Environmental studies is worrying some teachers of geography, history and modern studies. They are unhappy about plans for one teacher to be responsible for the delivery of all three subjects at S1 and S2, and have made the usual noises about diluting subjects and falling standards.
Normally I would dismiss their protests. But on this occasion the social subjects teachers may have a point, even if for the wrong reason.
Subject dilution is not the problem. Their concern should be that present advice about the only way to teach environmental studies will soon be replaced by quite different advice about the only way to teach environmental studies. Secondary teachers are new to this area. But many of us in primary schools have spent a working lifetime developing policies and topics for environmental studies, only to find the goalposts moving regularly in response to a new project or someone's latest theory of learning.
The constant confusion makes me nostalgic for my own primary school days in the 1950s. By the time I left I had a good knowledge of my own country and the world beyond thanks to tattered textbooks, interesting teaching and "Exploring Scotland" on radio.
The textbook, "No Lumber Geographies" - and I still don't know what the title means - brought us knowledge of rubber from Malaya and cocoa from The Gold Coast at a time when much of the world was still coloured pink. I learned the Scottish rivers from a dog-eared atlas. There was a history textbook, too, where we met Bruce and Wallace, Queen Margaret and Malcolm Canmore, the drowned Maid of Norway, and the murdered Red Comyn. Some may think how happy we would be i primary 7 pupils knew as much today.

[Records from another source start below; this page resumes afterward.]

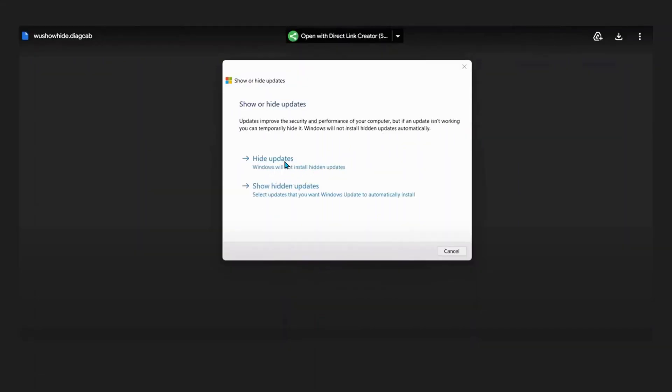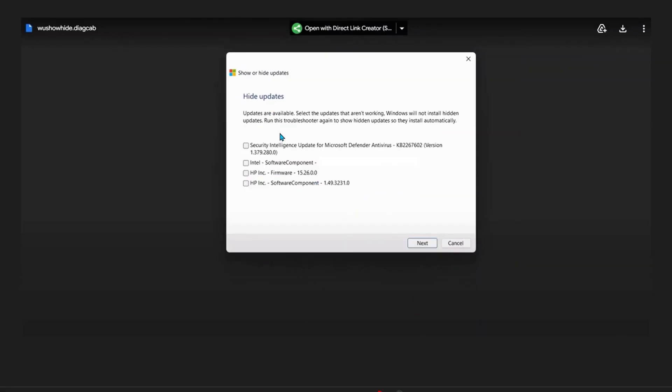Then when you get this, just click on Hide Updates and Next. As you can see it will show you the drivers in here. So what you need to do, in your case you might have Realtek or any other driver that needs to be updated, so just put a tick next to them and click on Next.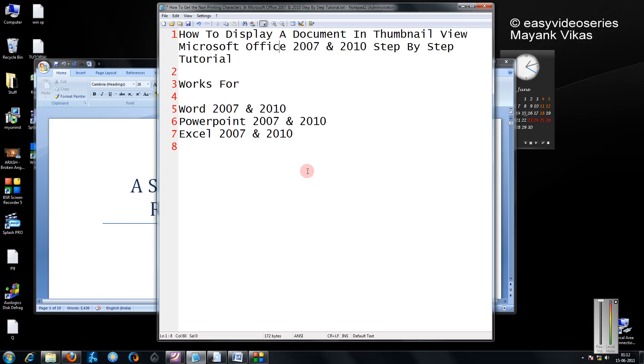Hi friends, in this tutorial I'm going to show you how to display a document in Thumbnail View in Office 2007 and 2010.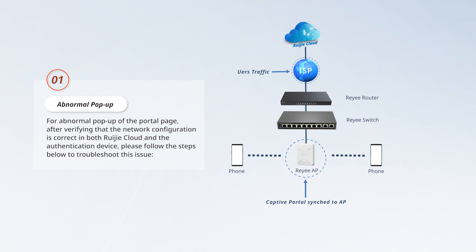For abnormal pop-up of the portal page, after verifying that the network configuration is correct in both Wagea Cloud and the authentication device, please follow the steps below to troubleshoot this issue.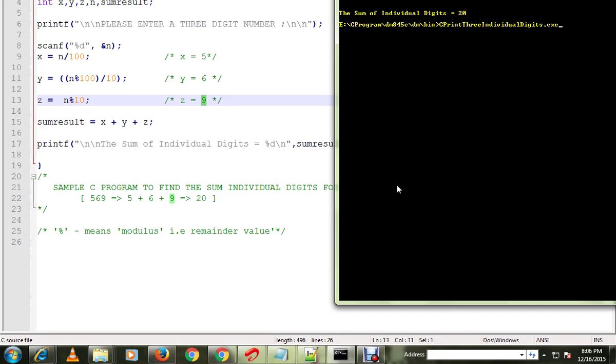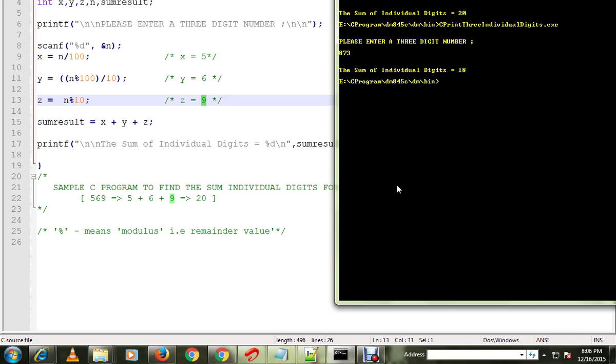So again let me give another number, 873. It should print 18. Hope this video is useful, thank you.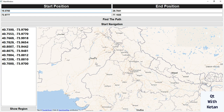So I created this simple basic application to display the map in a Qt widget application and developed some functionality like creating points on geo locations, finding the path between two geo coordinates, pointing on geo coordinates, creating a navigation system, and drawing a region on the map. I defined a start position and an end position.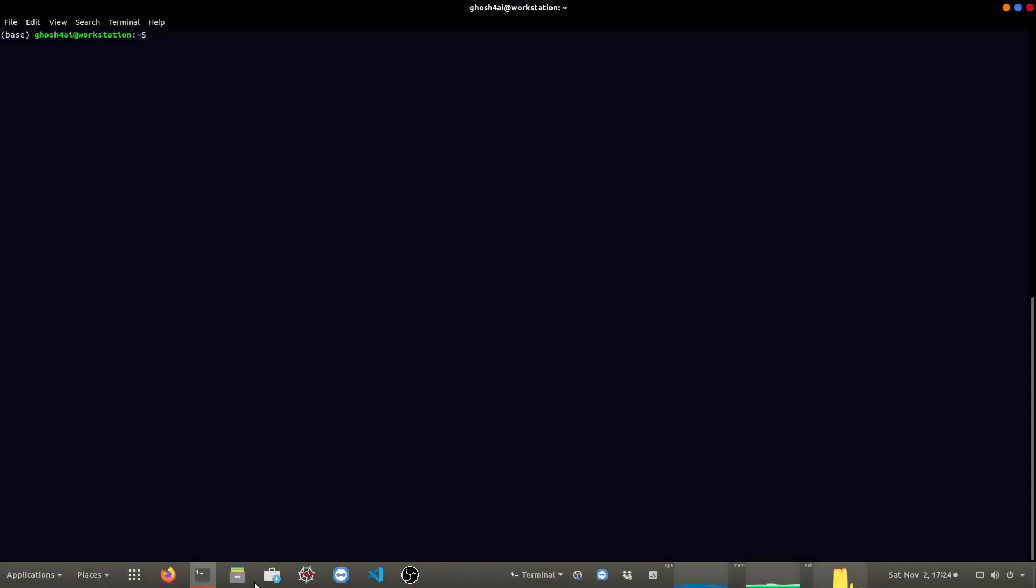The install of TensorFlow is very straightforward. We just need to install the TensorFlow GPU using the Conda install command.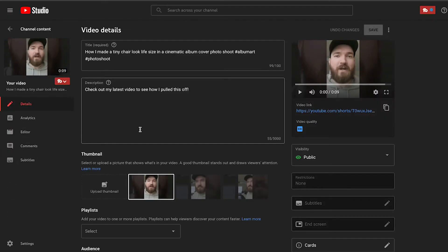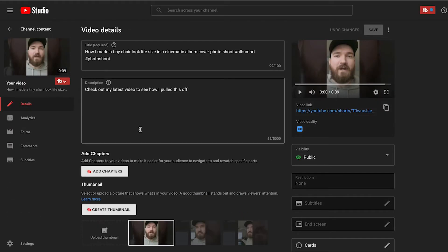We're going to hop into the desktop view, go into your YouTube Studio, click on Content, and then pull up the video that you would like to update. At this point, this is going to look pretty similar to how you would update any video.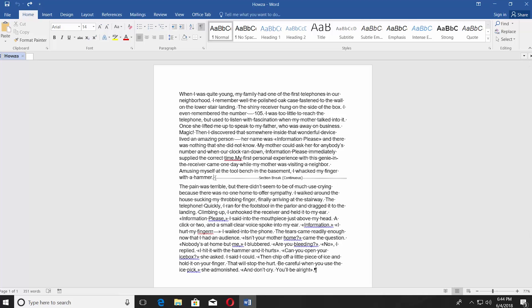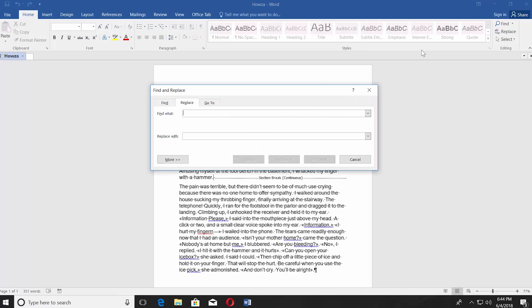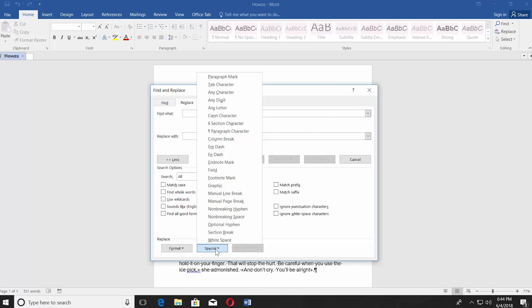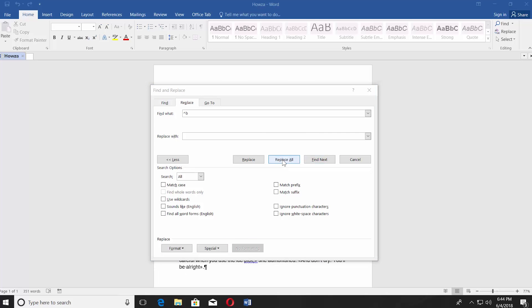Another way is to use the Replace option, located at the top right corner. Click on it to open. Go to the Replace tab and click on More. Click on Special and select Section Break from the list. Click on Replace All, then click OK in the new window.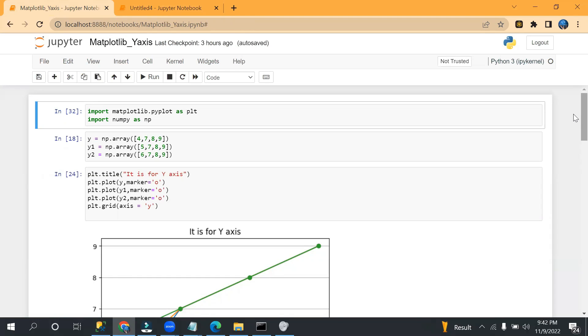Hello everyone, welcome to Nitya Cloud Tech. This is part three of the matplotlib library series. In this video we are going to discuss how we can create graphs using y-axis values.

Environmental studies has a chequered history littered with discarded strategies, forgotten projects and dubious teaching practices. Once, all subjects had to be integrated into one topic which would last a term or even a year. Knowledge disappeared in favour of process skills and a snooty attitude to textbooks. Each new topic had to be replanned to follow the interests of a new set of children.

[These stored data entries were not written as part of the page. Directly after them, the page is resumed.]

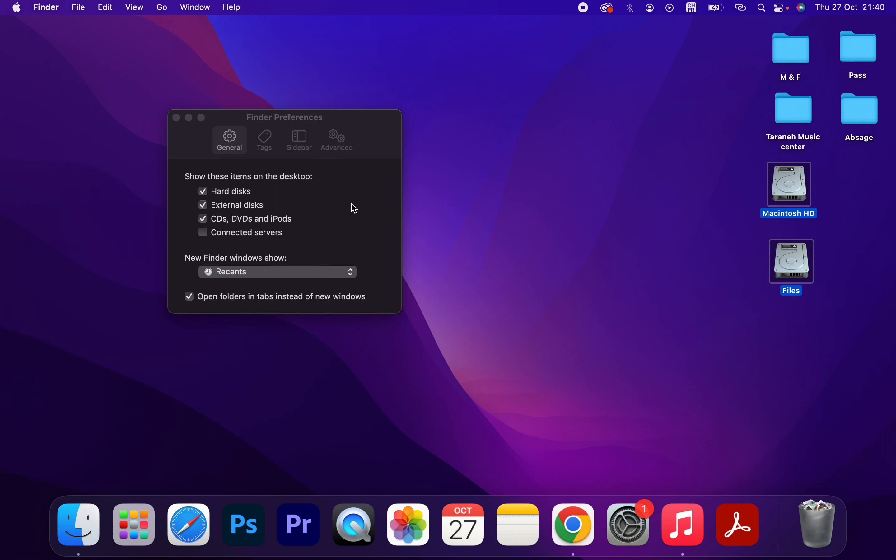disks, I'm going to uncheck. As you can see, very easy, very simple. That's it.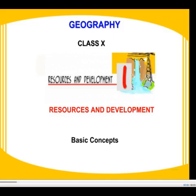Good morning to all my children. I hope you all are fine. From today we are going to start with the first chapter of geography, that is Resources and Development. So let us begin with the chapter.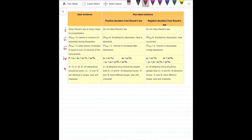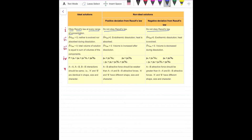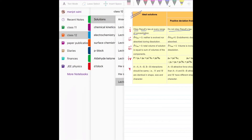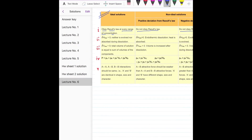Now here is a table showing the broad differences between ideal solutions, non-ideal positively deviated solutions, and non-ideal negatively deviated solutions. These 5 characteristics in this table will be very very important in your life. Ideal solutions obey Raoult's law at every range of concentration, while non-ideal solutions do not obey Raoult's law.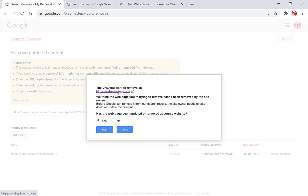Google will say: the URL you want to remove is websplaining.com, and that the web page you are trying to remove hasn't been removed by the site owner — which is correct, the website is still live, however the image has changed. You'll get the message: 'Has the web page been updated or removed at the source website?' Hit 'Yes' because the logo has indeed changed.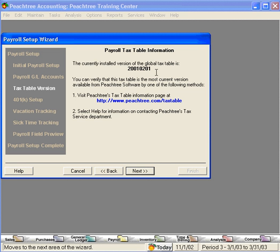We set our own payroll tax table, and we're going to show you in a later video how you can edit the payroll tax table to keep your tax table current. Click on Next.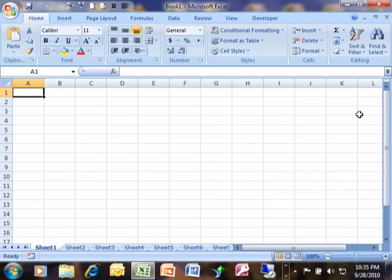Next I want to talk about how to move around the Excel workbook. If you notice, your spreadsheet is split up into columns and rows.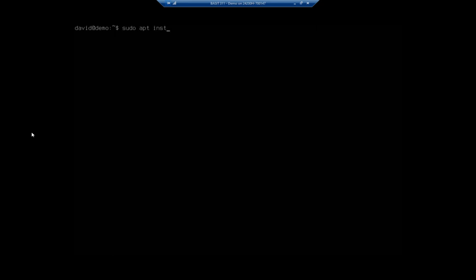So our command is simply sudo apt install nginx.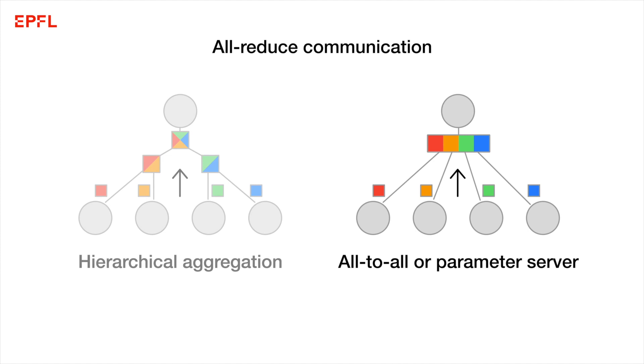If you have two 1-bit gradients, for example, then you cannot average them into a new 1-bit gradient without additional approximation. So for that reason, compressed algorithms resort to less scalable all-to-all communication or use a parameter server.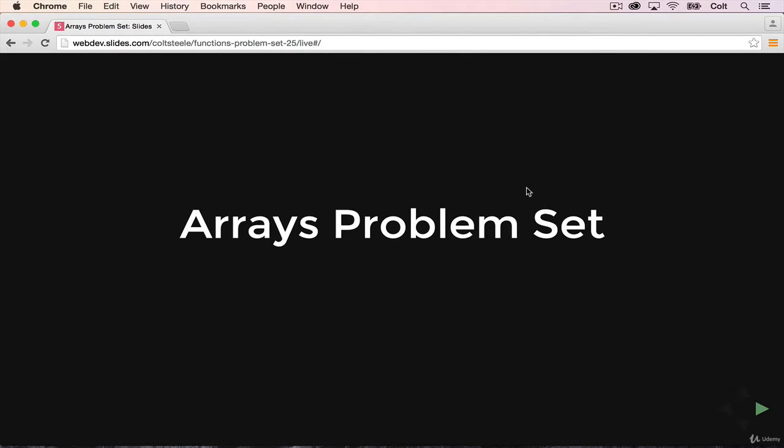In this video, I'm going to go over creating the solutions to this array problem set starting from scratch.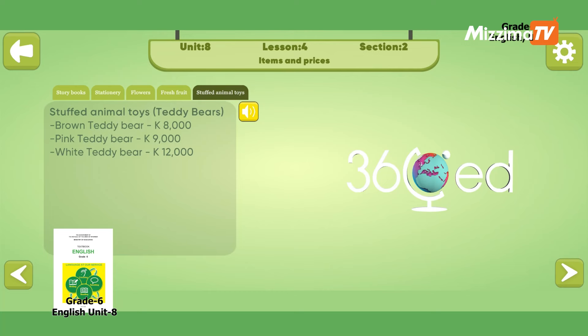Stuffed animal toys — teddy bears: brown teddy bear — 8,000 juts; pink teddy bear — 9,000 juts; white teddy bear — 12,000 juts.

In theory much of the advice was sound. But without a programme to follow, topics became vehicles for art and language work, and social subjects disappeared. With knowledge downgraded, there was no skeleton around on which to build a topic and it was difficult to know what children had learned.
The appearance of a detailed programme was helpful as long as you could understand it. But it was still difficult to organise, still posed tricky questions about integration and stood in the centre of the curriculum with one quarter of the available time. Eventually time was reduced and it even became possible to treat science as a stand-alone subject. Might geography and history follow that trend one day?
Our experts have supreme confidence in their own opinions and readily adjust them to match the fashion. But 35 years of change have not brought teachers the confidence that we have ever got environmental studies right.
The secondary teachers who are concerned about their role in environmental studies should not worry too much. If they don't like the current bandwagon another will come along. Its direction will be different and will depend on the passengers who are then shouting loudest.